Some excellent ensemble work from in the middle of the band was equalled by Chris Jeans on trombone, and the performance grew from there.  The MD was very precise in his direction that never lacked energy, and had a terrific dynamic approach.

What baffles us though is why sixth?  Roy Roe asked for well shaped playing, even the odd risk, and musical interpretations to go with it.  That was what Mr Roe got from Ransome's on the day.

Thoresbury and Andy Duncan played next to last and like Newstead produced a steady account that never caught our imagination.  To be fair, Andy's interpretation was quite slow and deliberate at times, with a real orchestral feel to it, with a nice cornet line being produced. Towards the conclusion, the sound of the band was a touch over-bearing for us and the timp player even got caught up in the excitement at the finish having accidentally dropping a stick. It was there or thereabouts for us, but not quite I the same class as the likes of Ransome or Desford.

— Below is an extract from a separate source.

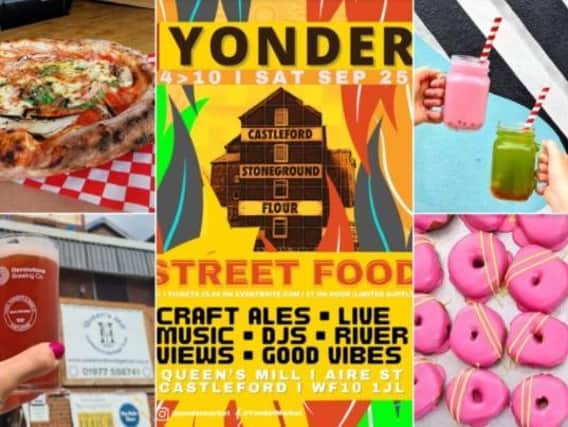 A street food event is bringing a new energy to the region’s social scene this month with its debut at Castleford’s Queen’s Mill.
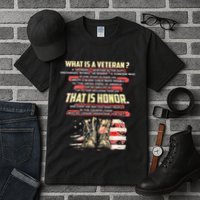 What Is A Veteran That Is Honor Tall T-Shirt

Staffordshire's challenge perhaps went out of the window before a note had been blown.  The dreaded number one draw befell them, but Steve Bastable really dug in and produced one of those ‘nothing to lose but everything to gain performances' that was unfortunate (in our opinion) to be placed in eighth.

As with last year, it wasn't a qualifying performance though, with a few splits that proved costly.  What it was though was musical and full of the passion and commitment that the MD puts into his performances. Their time will come again.

Ratby and Michael Fowles played last and put in a performance that certainly got the nod of approval from us.  The opening cornet playing was fizzing with vibrato and after a couple of suspect moments in the lower end they settled down, relaxed and enjoyed themselves.

As with other bands, Michael Fowles was very cautious with the tempi, making sure it wasn't a case of the band running away with things.  Some of the dynamics could have been better, but it was certainly one of the neatest interpretations of the day for sure.  Ninth place was unlucky, but predicting the order of merit here was like choosing those lottery numbers –

The final three bands really did struggle to maintain their performances right to the end for us.

Derwent and Keith Leonard played fifth and produced a hard sound.  The solo cornet never seemed comfortable and wobbled on more than one occasion.  Add to that, the sop was a bit too heavy in the projection of sound and towards the end, the sound came across as a little harsh and distorted and much of the detail, sadly didn't come across.

Towcester and the eloquent looking Adele Sellers, just never got going and to be fair to them, they ran out of steam long before the end. Adele's direction was slow, deliberate and precise, giving the band every chance to shine and they produced a big sound.  Some of the early ensemble playing was a touch wobbly, and you sensed the band never completely relaxed.  Over-blowing was a factor that reared its head on more than one occasion and they looked happy to get off the stage at the end.

Finally, The Riddings Band just had a bad day at the office.  The performance wasn't ever going to feature and the MD didn't take any risks whatsoever.  Tempos were steady, but the tendency was to over-blow and by the end of it, they looked completely and totally knackered.  Not a good day at all.

Before a note had been blown at any Regional contest, plenty of debate had been had about the choice of Rienzi as a test piece and whether it would produce one or two interesting results.

Without question, that was definitely the case at Burton.  The winners, Woolley Pritchard Sovereign Brass won't care about that though, but as in any sport, sometimes the referee (adjudicator for us) and decisions made produces more of a talking point than the events themselves.  Sunday night was without doubt, one of those occasions.